Глава 1. Сказочка
Выйдя из здания института, Павел остановился, подняв воротник не по погоде легкой куртки. Передернул плечами. Это был промозглый вечер середины марта, на улице уже совершенно стемнело и только тускло, как-то утомленно, горели фонари. С неба заморосил мелкий, противный дождик, еще помнящий холод зимних снегопадов, от чего воздух превратился в мутную, ледяную дымку. Ветра не было, и голые кроны деревьев уродливо вонзались в низкие проржавевшие с зимы облака.
Зазвонил телефон. Опять о загулявшем аспиранте волновалась мать, хотя прекрасно знала, что сын задерживается лишь по делу.
— Буду через час, — сказал Павел в трубку и тут же ее отключился. Экономия — мать достатка.
Охлопав себя по карманам, аспирант достал простой стальной портсигар, долго искал в одежде зажигалку.
Дверь за его спиной отворилась, и на крыльцо вышел знакомый программист Николай, вечно раздраженный, вечно с красными глазами.
— Ну и погода нынче, — проворчал он, выдергивая из рук Павла сигарету, которую тот достал. — И день с самого утра у меня не задался…

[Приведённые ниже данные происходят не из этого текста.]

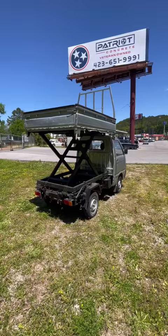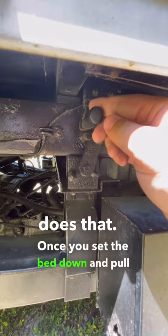That's right, it's a scissor lift, but it not only does that. Once you set the bed down and pull this lever to this position, it can go from looking like this to this. It's a dump bed.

Как обычно, — усмехнулся про себя Павел.
— Тащил лестницу, — закурив, принялся рассказывать Коля, — хотел провода переключить в холле. Задел плафон (и что за тупица придумал повесить там лампы на проводах, вместо панелей дневного света!). Разбилось, как рухнет на меня сверху! Всю голову осколками посекло, чуть не убило вовсе. Я стою, ржу, а у меня по лицу кровь течет. А тут девчонка какая-то дура подвернулась, испугалась и как завизжит!

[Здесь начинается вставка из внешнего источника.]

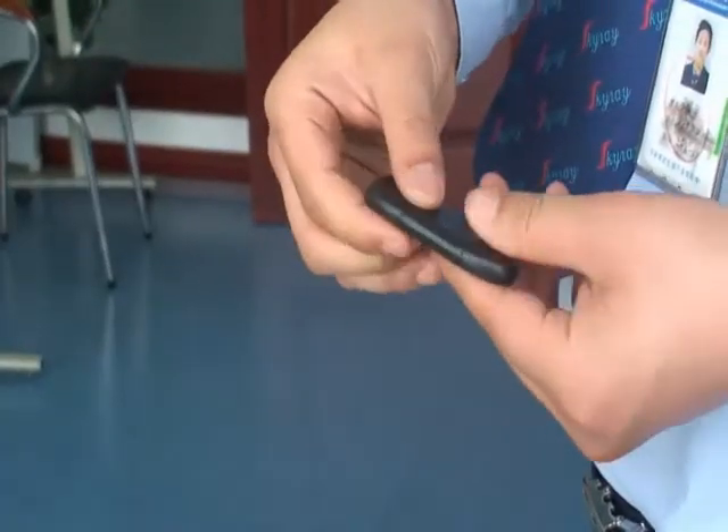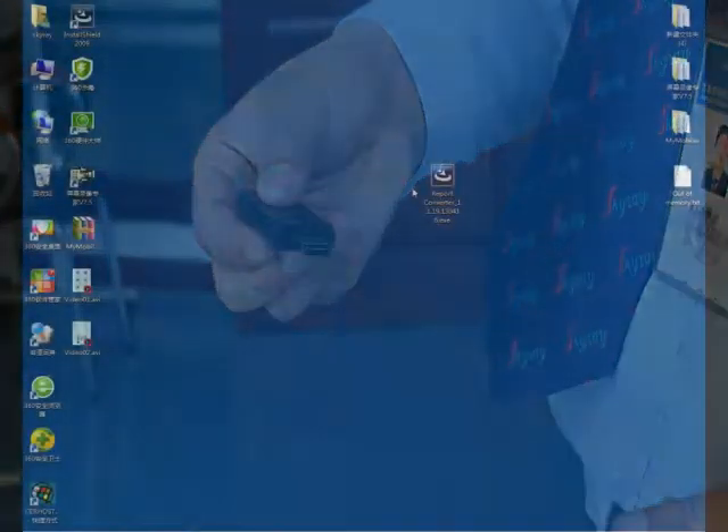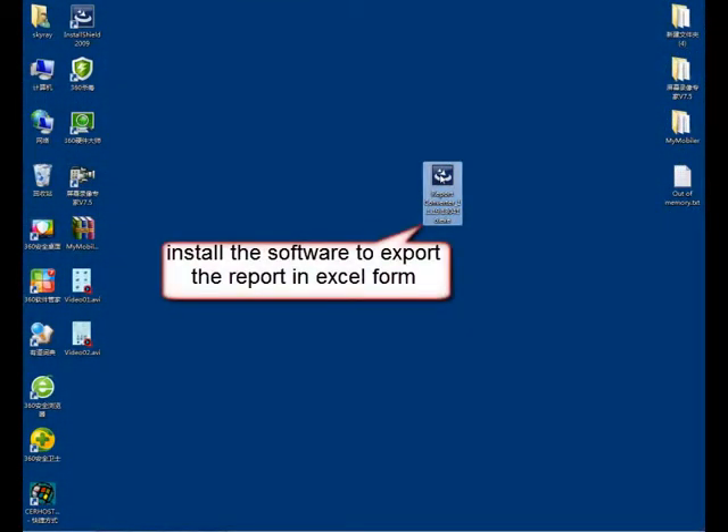Install the Report Converter Software by double-clicking the installation program. Choose your language and click Confirm.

— Ну и успокоил бы ее, — скривился Павел. — Девчонки любят браваду…
— Думаешь, это все? — фыркнул Коля. — Представляешь, мой придурок Сашка — из студентов ведь подмогу набираем из-за недостатка финансирования — не тот сервер перезагрузил. У людей недельные расчеты по моделям обнулились, мне выговор, а ему что? Неуд?
Коля раздраженно затянулся так, что уголек мигом добежал до фильтра.
— А сам ты что такой замученный, весь день чашку Петри пытал?
— Смешно, — равнодушно отозвался Павел. — В электронный микроскоп нагляделся, хромосомы считал.
— Тебе, может, программку какую написать? — великодушно предложил программист.
— Лучше робота для меня собери, пусть препараты изучает, а я лавры буду пожинать. Знаешь, когда произношу эту фразу, представляется мне овца, медленно жующая ветку лаврового дерева. Работаешь, работаешь, в лепешку разбиваешься, науку двигаешь, а тебе ветку в зубы и жуй, что дали…
Ладно, пойду я…
— Опять через парк потопаешь? — нахмурился программист.
— Да ладно вам всем трусить-то? Предрассудками земля полнится! Месяц назад якобы бабу ограбили, а вы до сих пор в обход бегаете что ли? Во даете!
— Мало ли что, — пожал плечами Коля. — Береженого Бог бережет. Ну, бывай.
Отшвырнув окурок, рассыпавшийся по асфальту яркими оранжевыми искрами, программист сбежал по ступенькам и быстро пошел к автобусной остановке. Павел еще постоял, докуривая, и сунув руки в карманы, выдыхал уголком рта дым и пытался прийти в себя. Потом медленно побрел к деревьям, покрытым мутными дождевыми каплями. Он прищурил глаза, давая им отдых и чувствуя, как тяжелое давление на виски медленно отступает.
На улицах никого не было, все куда-то попрятались, хотя в это время обычно часто встречались группки попивающих пиво студентов. Обычно за кустами на лавочках сидит молодежь, то и дело раздаются взрывы хохота.
Павел прошел через ворота парка и остановился, прислушиваясь. Ничего. Ему вдруг показалось, что Москва разом вымерла, но нет. Тявкает где-то в отдалении собачонка, слышны повизгивания далекой сигнализации.
Морось как-то сама собой закончилась, некоторое время в воздухе висело тревожное ожидание и Павел, часто оглядываясь, почему-то ускорил шаг. Его тень, рожденная редкими фонарями, то удлинялась, то становилась короткой и густой, а то вдруг раздваивалась, и тогда Павел ловил себя на мысли, что думает об этой тени, как о преследователе. Он боится того, что может произойти, но он готов.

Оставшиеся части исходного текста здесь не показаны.